▶ [Dataset section]
####################
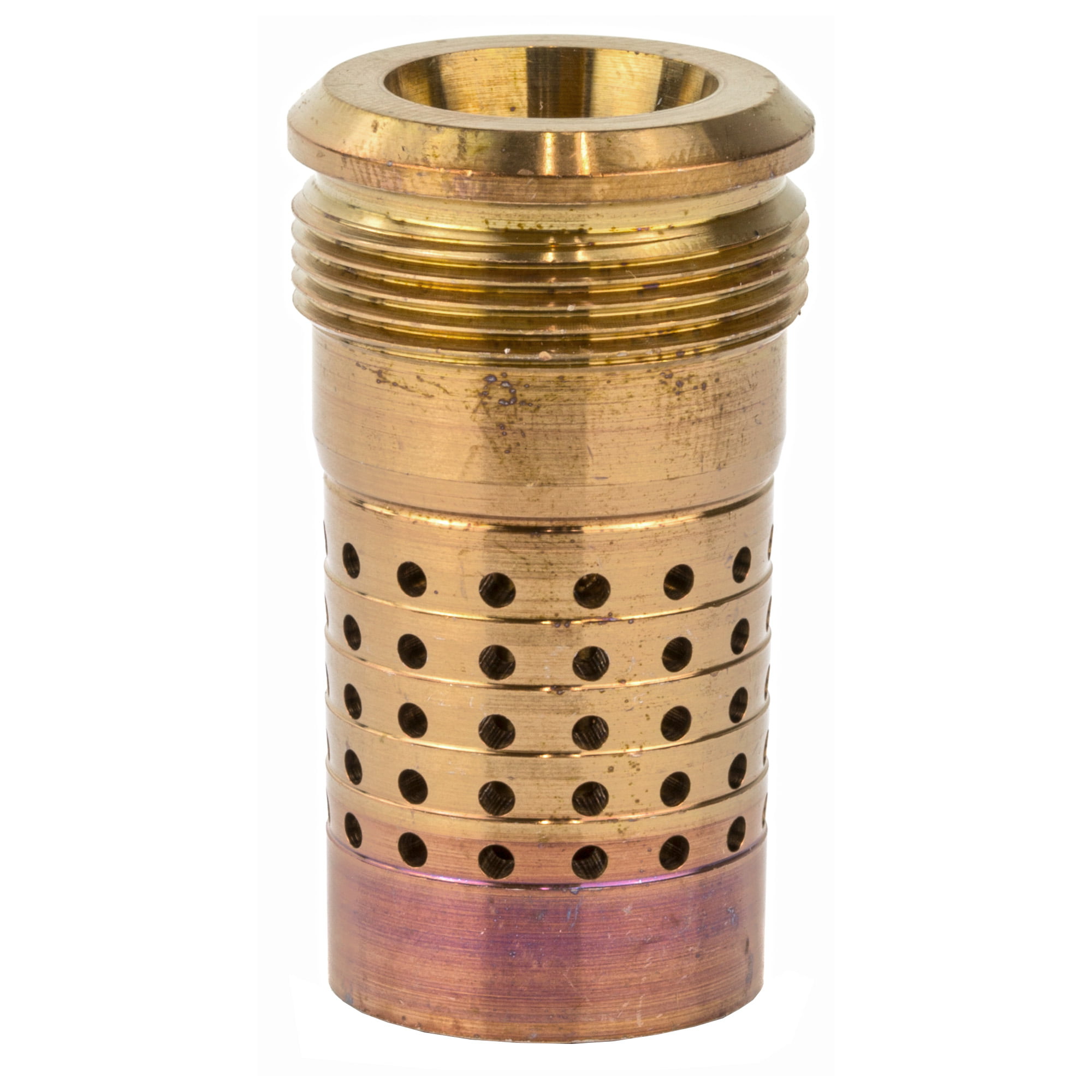 Q CHERRY BOMB MUZZLE BRAKE 1/2X28 (7.62 BORE) - Image 2
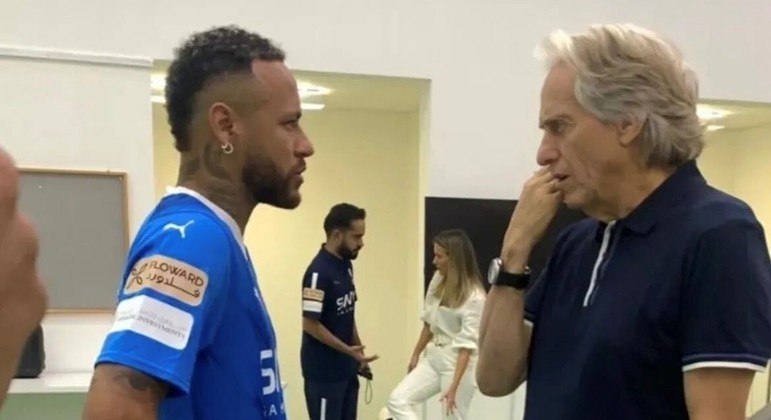 Jesus, preocupado com Neymar, com seu time, não quer a liberação para os primeiros jogos das Eliminatórias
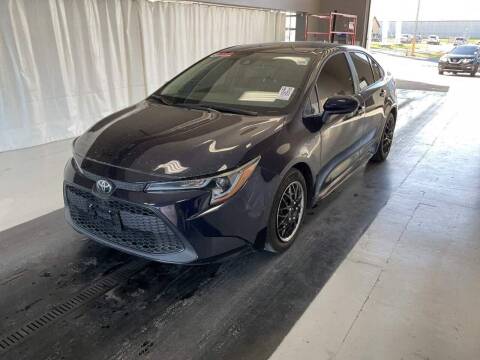 2021 Toyota Corolla for sale at AA Auto Sales LLC in Columbia MO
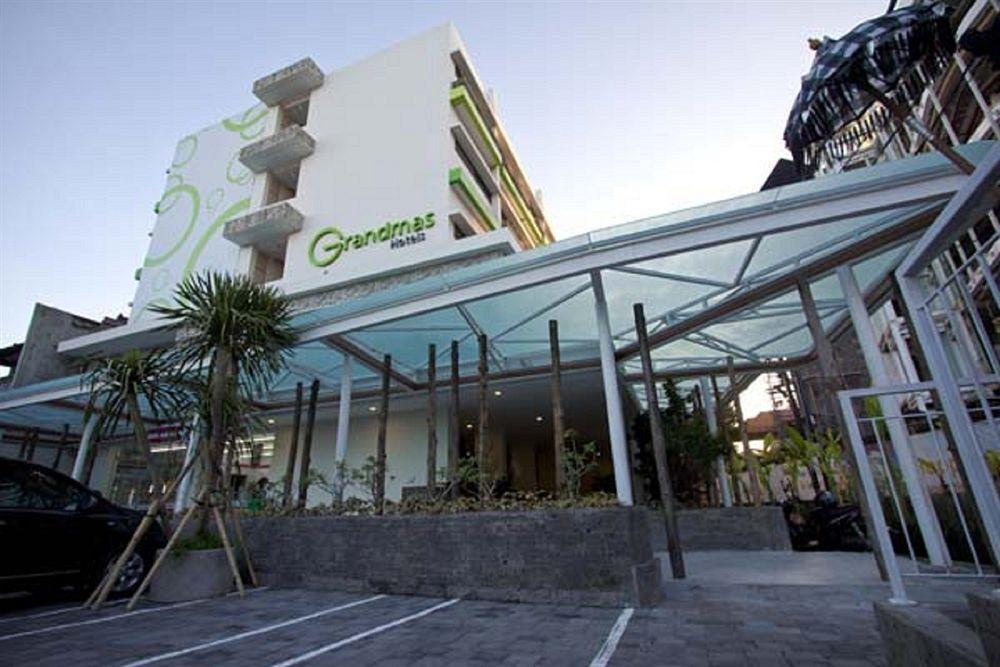 J Hotel Kuta Kuta Lombok Εξωτερικό φωτογραφία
####################
▶ [The task] Give back the material above exactly, with each picture removed.

▶ [Exercise solution]
 Q CHERRY BOMB MUZZLE BRAKE 1/2X28 (7.62 BORE) - Image 2
 Jesus, preocupado com Neymar, com seu time, não quer a liberação para os primeiros jogos das Eliminatórias
 2021 Toyota Corolla for sale at AA Auto Sales LLC in Columbia MO
 J Hotel Kuta Kuta Lombok Εξωτερικό φωτογραφία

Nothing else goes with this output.